Velt specialises in making original, high quality lamps created from hand-formed glass. Thanks to craftsmanship and use of traditional techniques Velt lamps are always unique and can be adjusted to
each client’s needs. In a large chandelier consisting of several smaller lamps one will not find two identical ones, just like there are no two identical leaves on a tree. The modern design of our lamps, characterized by simplicity of form and use of the newest technologies remains in perfect harmony with traditionally blown glass. As a result Velt lamps are universal and fit both classical and modern interiors.
We also design and build big light installations for public areas such as hotel lobbies, office and residential buildings as well as shopping centers.
Designer Jeremi Nagrabecki
Jeremi Nagrabecki was born in Warsaw in 1977. He designs modern lamps for indoor use. He strives for each of his lamps to embody an idea that has never been seen before. Most often, these are technological solutions that allow the user to focus or direct the light, or ways to conceal the light source to make it easier on the eyes while also capitalizing on the beauty of hand crafted glass – the designer’s material of choice.
How did Plan 9 lamp come into existence?
(a greatly abbreviated and simplified description)
The light, penetrating hand-blown glass, produces streaks of colour, reveals minor differences in thickness, sometimes shows submerged air bubbles. These features make each lamp unique.
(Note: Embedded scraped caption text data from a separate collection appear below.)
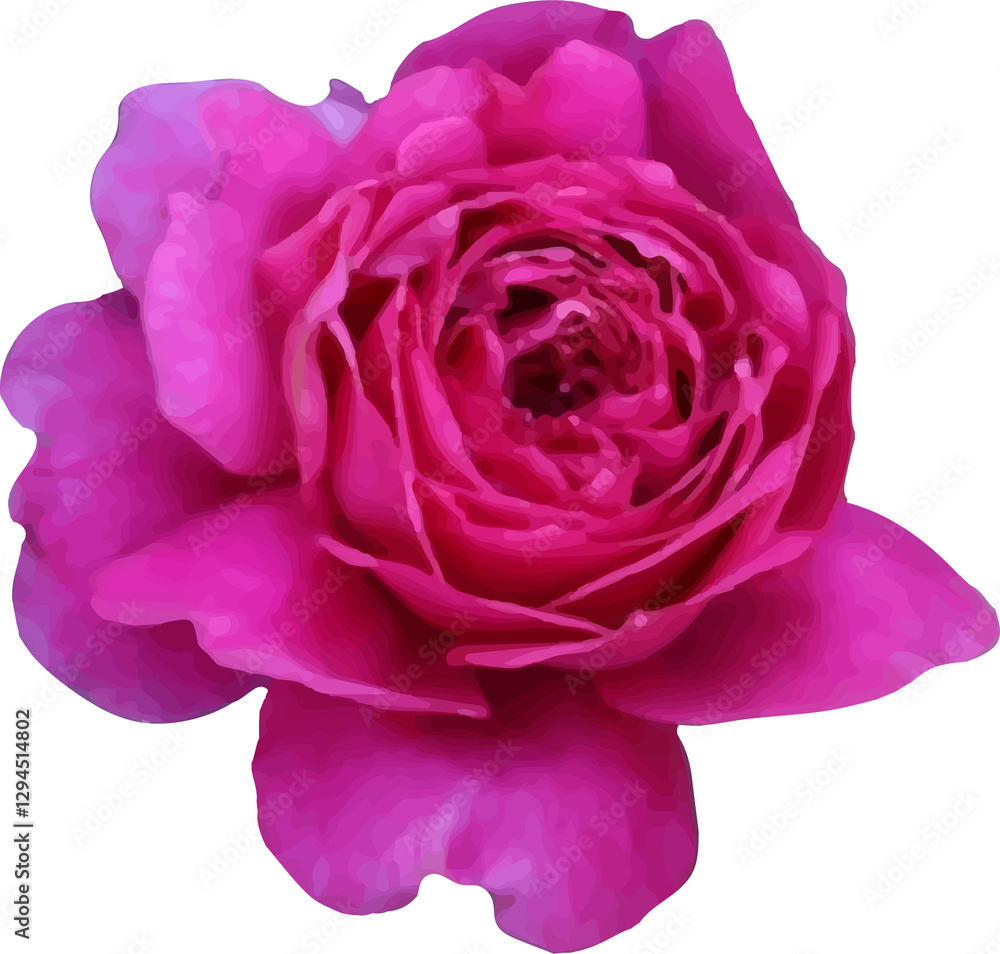 pink rose flower blooming vector39 pink rose flower blooming vector39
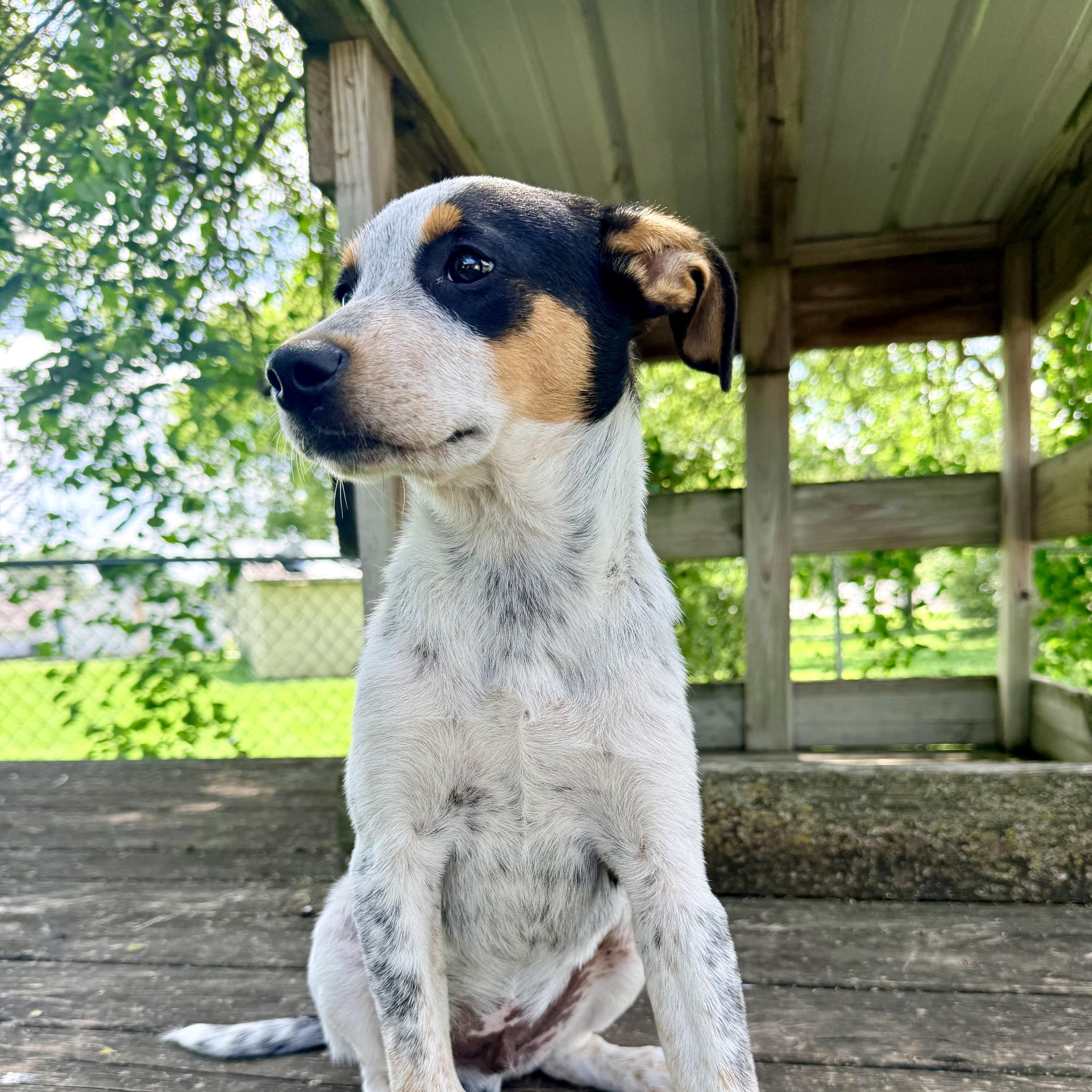 Scrappy, an adopted mixed breed in Albany, MO image 2/6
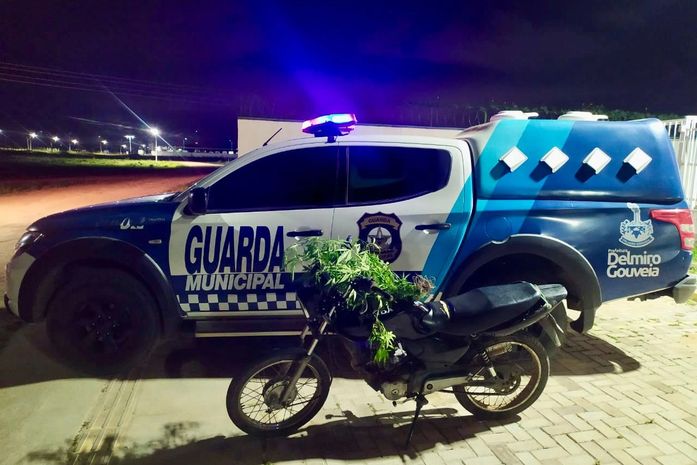 Ameaça Frustrada: Guarda Municipal prende suspeito e descobre plantação de maconha

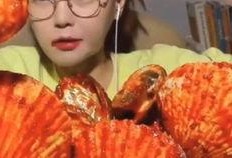 多萝西吃瓜,多萝西的瓜界探险记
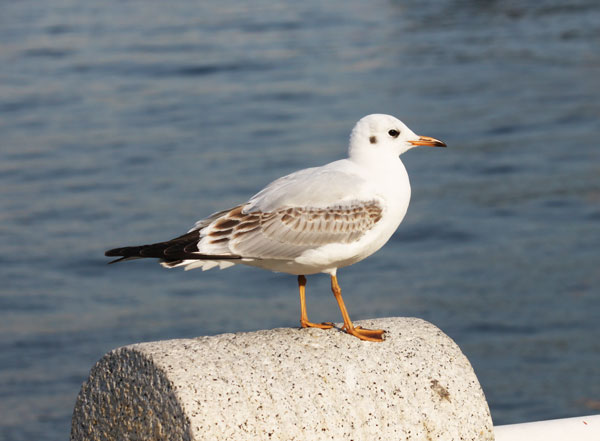 ユリカモメ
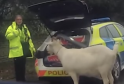 Police Lasso Wild Goat Billy After Rampage Through Wiltshire Village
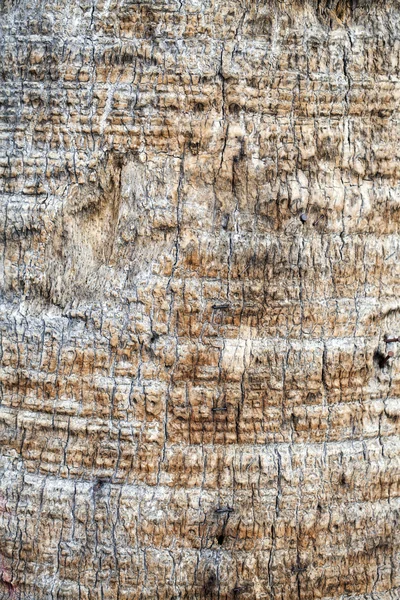 Tekstura kory drzewa — Zdjęcie stockowe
At first, a small bubble of molten glass is carefully and deftly blown through a long steel blowpipe in such a way as to provide it with definite features – the origin of its future shape. When the bubble cools down it hardens which makes it possible to cover it with a proper amount of molten glass from the furnace with a movement similar to that of reaching for liquid honey by turning a teaspoon. We roll the glass by supporting it with a wooden shaping block while blowing and manipulating it in order to obtain the desired thickness, shape and distribution of glass in the expanding bubble which has now acquired the shape of a large pear. The center is now almost ready. In order to finish the edge and spread out the pear into a flat plate it is necessary to get rid of the blowpipe. We attach another pipe by gluing it to the hot glass at the bottom, remove the now useless blowpipe and take the bubble (always rotating) to a small intensely flaming furnace. The glass whitens and softens so it is now possible to shear off the edge. We the turn up the heat and cover the edge with a layer of semi-liquid hot colored glass. Then another increase in temperature to the level of softness. Using a wet (to avoid catching fire) piece of wood we spread out and broaden the glass – the pear turns into a bowl. At a certain precisely determined moment we begin to rapidly spin the pipe attached to the bowl, increasing the speed until the bowl, due to centrifugal force, opens up into large flat plate and the overlay on the edge stretches out to form a delicate colored rim. Now comes the time to rip off the pipe (hence the term “ripped glass”) and deliver the ready glass on a fork to the drawing die. After several hours of proceeeding through gradually decreasing heat the lamp plate comes out of the annealing oven. On the bottom, like a mark of the umbilical cord, remains a scar after the second pipe testifying to the renowned, ages-old method of production.